— What the task requires —
Please return only the lines from the one holding "نتانياهو: الحظر على" through the one holding "ES#87370 - 51168257117", exactly as they appear in the records below, both ends included.

(Short text fragments from websites)
[Start of section]

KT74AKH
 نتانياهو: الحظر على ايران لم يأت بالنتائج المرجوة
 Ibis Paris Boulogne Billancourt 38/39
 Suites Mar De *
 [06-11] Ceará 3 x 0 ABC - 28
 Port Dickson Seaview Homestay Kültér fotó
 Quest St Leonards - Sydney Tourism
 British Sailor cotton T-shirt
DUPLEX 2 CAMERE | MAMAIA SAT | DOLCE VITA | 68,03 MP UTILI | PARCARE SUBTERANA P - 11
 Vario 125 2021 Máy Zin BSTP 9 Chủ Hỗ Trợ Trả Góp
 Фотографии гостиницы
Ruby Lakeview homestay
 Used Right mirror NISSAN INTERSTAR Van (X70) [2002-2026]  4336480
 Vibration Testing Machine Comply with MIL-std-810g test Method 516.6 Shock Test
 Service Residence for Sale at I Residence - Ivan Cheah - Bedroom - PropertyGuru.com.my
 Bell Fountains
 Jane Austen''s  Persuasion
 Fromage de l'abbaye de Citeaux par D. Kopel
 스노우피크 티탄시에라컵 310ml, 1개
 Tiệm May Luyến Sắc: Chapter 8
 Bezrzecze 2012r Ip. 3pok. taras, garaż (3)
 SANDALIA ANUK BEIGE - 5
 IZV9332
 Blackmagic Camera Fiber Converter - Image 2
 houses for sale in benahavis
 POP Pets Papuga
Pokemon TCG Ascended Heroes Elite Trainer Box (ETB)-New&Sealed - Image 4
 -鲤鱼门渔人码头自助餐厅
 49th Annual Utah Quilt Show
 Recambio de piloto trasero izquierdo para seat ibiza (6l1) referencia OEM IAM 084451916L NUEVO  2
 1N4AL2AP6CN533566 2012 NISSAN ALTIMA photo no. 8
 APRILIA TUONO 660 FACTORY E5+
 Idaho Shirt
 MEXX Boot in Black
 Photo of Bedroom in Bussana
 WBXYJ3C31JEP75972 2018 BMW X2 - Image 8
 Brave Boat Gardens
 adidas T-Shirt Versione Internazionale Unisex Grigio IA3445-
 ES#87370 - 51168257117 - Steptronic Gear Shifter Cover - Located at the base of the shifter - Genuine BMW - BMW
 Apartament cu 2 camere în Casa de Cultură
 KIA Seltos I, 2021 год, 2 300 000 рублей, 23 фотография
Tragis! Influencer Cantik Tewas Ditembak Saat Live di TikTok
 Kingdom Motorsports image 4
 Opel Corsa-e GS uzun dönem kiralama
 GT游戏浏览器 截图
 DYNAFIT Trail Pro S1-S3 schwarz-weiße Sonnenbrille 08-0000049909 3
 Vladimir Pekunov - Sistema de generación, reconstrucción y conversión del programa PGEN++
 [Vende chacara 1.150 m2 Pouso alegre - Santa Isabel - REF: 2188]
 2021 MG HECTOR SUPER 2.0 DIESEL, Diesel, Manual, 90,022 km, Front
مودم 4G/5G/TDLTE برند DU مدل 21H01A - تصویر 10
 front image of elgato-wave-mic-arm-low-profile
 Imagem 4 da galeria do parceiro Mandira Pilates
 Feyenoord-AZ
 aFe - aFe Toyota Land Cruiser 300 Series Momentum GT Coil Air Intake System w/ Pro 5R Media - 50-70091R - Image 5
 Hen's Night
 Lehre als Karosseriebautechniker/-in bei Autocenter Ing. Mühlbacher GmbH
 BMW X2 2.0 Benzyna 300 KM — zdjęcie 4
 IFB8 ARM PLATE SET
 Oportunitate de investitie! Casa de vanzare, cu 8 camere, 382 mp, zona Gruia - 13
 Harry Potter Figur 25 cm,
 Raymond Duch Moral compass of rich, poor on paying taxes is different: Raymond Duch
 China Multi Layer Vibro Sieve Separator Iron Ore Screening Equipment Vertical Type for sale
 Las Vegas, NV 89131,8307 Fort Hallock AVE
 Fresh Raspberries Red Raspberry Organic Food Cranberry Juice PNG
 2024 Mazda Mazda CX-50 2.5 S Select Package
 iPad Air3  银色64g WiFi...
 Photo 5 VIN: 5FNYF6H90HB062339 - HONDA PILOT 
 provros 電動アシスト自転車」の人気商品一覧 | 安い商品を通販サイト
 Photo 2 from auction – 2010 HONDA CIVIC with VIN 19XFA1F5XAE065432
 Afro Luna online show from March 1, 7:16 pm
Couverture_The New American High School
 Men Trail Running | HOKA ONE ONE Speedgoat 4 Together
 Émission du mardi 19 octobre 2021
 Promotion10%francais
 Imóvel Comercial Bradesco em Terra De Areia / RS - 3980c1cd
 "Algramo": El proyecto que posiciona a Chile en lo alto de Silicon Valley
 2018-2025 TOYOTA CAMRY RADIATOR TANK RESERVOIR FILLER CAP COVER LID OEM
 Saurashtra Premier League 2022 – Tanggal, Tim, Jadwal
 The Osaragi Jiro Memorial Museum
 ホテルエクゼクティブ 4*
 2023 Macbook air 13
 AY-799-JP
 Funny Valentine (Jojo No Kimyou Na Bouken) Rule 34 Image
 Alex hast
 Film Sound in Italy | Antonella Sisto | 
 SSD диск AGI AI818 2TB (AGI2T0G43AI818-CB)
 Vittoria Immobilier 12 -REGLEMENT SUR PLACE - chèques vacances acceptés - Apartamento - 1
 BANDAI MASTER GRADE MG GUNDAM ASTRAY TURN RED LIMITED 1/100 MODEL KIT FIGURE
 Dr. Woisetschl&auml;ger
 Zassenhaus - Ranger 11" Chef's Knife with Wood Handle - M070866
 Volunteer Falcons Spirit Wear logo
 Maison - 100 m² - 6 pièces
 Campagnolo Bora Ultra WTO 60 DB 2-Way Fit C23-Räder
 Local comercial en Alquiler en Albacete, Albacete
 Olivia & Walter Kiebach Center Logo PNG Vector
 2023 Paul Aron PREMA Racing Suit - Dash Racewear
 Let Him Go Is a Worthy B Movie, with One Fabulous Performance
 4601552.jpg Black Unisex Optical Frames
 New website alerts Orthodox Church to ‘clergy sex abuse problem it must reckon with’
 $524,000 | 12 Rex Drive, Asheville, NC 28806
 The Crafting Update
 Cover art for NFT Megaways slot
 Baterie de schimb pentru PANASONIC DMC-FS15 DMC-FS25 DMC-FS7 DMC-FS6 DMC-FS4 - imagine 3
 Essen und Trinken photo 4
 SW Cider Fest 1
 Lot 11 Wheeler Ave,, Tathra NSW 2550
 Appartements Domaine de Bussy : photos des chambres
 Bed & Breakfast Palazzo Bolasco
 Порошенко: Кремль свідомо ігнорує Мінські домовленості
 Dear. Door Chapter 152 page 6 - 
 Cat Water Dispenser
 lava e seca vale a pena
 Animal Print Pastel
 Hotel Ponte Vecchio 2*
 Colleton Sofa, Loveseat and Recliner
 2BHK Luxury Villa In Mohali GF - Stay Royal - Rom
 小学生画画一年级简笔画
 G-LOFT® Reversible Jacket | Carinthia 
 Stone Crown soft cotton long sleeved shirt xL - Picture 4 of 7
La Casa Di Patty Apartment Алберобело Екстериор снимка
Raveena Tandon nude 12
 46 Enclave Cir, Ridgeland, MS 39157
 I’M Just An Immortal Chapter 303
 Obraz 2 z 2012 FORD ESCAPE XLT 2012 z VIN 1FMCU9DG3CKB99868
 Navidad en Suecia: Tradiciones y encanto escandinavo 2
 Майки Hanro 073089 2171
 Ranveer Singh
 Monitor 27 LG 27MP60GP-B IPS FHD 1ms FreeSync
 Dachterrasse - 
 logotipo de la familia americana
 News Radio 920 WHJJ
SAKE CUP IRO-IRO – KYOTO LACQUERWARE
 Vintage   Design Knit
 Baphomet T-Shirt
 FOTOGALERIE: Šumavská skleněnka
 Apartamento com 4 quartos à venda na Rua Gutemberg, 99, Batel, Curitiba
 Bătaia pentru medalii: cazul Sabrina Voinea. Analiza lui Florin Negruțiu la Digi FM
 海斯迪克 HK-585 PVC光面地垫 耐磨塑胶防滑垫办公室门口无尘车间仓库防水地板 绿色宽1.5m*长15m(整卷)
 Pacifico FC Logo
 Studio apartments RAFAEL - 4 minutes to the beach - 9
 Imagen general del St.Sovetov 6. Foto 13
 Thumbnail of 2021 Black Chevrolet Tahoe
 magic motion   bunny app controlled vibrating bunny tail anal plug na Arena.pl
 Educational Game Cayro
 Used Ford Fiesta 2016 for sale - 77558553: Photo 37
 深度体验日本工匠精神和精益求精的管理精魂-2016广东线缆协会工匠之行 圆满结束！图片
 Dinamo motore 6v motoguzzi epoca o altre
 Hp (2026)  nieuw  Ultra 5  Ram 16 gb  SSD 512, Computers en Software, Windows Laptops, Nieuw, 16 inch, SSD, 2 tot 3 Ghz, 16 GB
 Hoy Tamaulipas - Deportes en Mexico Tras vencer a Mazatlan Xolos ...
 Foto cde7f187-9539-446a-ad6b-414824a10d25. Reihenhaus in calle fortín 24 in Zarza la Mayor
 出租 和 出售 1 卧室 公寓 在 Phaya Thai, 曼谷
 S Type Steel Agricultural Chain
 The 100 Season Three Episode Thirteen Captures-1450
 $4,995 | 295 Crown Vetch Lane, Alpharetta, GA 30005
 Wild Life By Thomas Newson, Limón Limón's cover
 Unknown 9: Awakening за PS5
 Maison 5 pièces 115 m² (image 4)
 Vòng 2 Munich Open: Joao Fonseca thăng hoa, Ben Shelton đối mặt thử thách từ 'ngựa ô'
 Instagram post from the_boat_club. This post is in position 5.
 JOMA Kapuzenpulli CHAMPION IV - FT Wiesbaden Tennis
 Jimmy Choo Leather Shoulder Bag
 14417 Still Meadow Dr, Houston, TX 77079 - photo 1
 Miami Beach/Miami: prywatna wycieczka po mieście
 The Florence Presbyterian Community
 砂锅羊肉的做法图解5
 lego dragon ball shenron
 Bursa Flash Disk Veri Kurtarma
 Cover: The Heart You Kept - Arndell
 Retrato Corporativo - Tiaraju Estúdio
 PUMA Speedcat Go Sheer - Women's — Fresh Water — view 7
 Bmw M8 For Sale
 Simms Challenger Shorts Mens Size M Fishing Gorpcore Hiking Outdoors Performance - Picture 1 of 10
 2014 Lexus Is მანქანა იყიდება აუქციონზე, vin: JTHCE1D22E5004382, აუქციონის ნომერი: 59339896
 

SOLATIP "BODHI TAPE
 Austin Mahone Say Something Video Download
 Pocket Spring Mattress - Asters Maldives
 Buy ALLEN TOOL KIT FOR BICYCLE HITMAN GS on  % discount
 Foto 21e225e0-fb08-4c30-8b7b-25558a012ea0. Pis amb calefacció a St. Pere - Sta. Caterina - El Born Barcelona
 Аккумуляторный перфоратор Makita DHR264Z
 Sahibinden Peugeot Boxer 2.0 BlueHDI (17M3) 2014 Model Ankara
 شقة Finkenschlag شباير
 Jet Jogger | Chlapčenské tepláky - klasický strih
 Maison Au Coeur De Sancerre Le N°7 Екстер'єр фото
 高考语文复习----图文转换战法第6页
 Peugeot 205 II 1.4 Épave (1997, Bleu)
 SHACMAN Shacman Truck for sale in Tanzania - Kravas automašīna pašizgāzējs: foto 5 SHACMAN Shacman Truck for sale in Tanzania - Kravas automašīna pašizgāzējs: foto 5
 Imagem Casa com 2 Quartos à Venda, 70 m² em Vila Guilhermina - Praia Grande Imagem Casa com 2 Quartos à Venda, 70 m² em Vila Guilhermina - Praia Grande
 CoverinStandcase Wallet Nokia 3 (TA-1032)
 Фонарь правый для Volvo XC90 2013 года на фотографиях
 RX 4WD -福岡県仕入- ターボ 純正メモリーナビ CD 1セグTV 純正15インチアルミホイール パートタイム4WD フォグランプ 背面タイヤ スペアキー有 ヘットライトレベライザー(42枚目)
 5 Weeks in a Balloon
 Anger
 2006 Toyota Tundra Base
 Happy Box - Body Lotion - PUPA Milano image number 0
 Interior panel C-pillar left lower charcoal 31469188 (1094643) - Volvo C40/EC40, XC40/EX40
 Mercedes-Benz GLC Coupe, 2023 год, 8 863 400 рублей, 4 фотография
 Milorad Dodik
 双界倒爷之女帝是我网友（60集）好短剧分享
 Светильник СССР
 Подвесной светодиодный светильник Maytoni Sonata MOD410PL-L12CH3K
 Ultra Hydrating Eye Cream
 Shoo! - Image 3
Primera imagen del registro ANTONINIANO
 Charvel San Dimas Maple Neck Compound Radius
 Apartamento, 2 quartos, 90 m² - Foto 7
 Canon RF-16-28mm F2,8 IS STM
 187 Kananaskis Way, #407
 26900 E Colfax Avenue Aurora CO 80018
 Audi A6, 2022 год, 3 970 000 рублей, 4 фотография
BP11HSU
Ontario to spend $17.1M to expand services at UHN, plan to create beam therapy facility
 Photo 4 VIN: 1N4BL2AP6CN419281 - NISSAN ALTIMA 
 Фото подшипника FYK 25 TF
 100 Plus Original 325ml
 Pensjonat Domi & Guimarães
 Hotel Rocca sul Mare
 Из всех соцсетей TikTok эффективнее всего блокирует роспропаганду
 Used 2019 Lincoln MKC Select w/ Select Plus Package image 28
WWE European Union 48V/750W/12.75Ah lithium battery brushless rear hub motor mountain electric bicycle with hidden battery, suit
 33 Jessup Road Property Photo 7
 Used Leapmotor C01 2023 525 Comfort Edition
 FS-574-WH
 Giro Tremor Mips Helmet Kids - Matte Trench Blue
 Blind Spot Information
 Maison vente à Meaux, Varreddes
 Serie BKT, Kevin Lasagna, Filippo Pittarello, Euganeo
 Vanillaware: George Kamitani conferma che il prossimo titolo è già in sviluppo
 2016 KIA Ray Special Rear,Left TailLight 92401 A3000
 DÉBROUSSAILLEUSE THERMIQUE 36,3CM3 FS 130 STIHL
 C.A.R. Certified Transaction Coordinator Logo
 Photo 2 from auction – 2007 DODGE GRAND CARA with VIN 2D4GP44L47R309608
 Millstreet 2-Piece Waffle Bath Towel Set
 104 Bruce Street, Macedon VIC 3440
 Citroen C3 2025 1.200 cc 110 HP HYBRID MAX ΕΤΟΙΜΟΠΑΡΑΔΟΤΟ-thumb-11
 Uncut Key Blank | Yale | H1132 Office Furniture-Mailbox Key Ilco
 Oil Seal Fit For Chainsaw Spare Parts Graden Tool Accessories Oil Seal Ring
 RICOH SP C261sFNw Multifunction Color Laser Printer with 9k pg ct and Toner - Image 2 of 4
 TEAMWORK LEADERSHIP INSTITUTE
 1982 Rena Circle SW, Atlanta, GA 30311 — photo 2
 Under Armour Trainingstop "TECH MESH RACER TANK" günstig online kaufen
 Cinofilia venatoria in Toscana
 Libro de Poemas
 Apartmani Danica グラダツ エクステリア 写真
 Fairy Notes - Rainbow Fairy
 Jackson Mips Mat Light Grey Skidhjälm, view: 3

[End of section]

— Task output —
 نتانياهو: الحظر على ايران لم يأت بالنتائج المرجوة
 Ibis Paris Boulogne Billancourt 38/39
 Suites Mar De *
 [06-11] Ceará 3 x 0 ABC - 28
 Port Dickson Seaview Homestay Kültér fotó
 Quest St Leonards - Sydney Tourism
 British Sailor cotton T-shirt
DUPLEX 2 CAMERE | MAMAIA SAT | DOLCE VITA | 68,03 MP UTILI | PARCARE SUBTERANA P - 11
 Vario 125 2021 Máy Zin BSTP 9 Chủ Hỗ Trợ Trả Góp
 Фотографии гостиницы
Ruby Lakeview homestay
 Used Right mirror NISSAN INTERSTAR Van (X70) [2002-2026]  4336480
 Vibration Testing Machine Comply with MIL-std-810g test Method 516.6 Shock Test
 Service Residence for Sale at I Residence - Ivan Cheah - Bedroom - PropertyGuru.com.my
 Bell Fountains
 Jane Austen''s  Persuasion
 Fromage de l'abbaye de Citeaux par D. Kopel
 스노우피크 티탄시에라컵 310ml, 1개
 Tiệm May Luyến Sắc: Chapter 8
 Bezrzecze 2012r Ip. 3pok. taras, garaż (3)
 SANDALIA ANUK BEIGE - 5
 IZV9332
 Blackmagic Camera Fiber Converter - Image 2
 houses for sale in benahavis
 POP Pets Papuga
Pokemon TCG Ascended Heroes Elite Trainer Box (ETB)-New&Sealed - Image 4
 -鲤鱼门渔人码头自助餐厅
 49th Annual Utah Quilt Show
 Recambio de piloto trasero izquierdo para seat ibiza (6l1) referencia OEM IAM 084451916L NUEVO  2
 1N4AL2AP6CN533566 2012 NISSAN ALTIMA photo no. 8
 APRILIA TUONO 660 FACTORY E5+
 Idaho Shirt
 MEXX Boot in Black
 Photo of Bedroom in Bussana
 WBXYJ3C31JEP75972 2018 BMW X2 - Image 8
 Brave Boat Gardens
 adidas T-Shirt Versione Internazionale Unisex Grigio IA3445-
 ES#87370 - 51168257117 - Steptronic Gear Shifter Cover - Located at the base of the shifter - Genuine BMW - BMW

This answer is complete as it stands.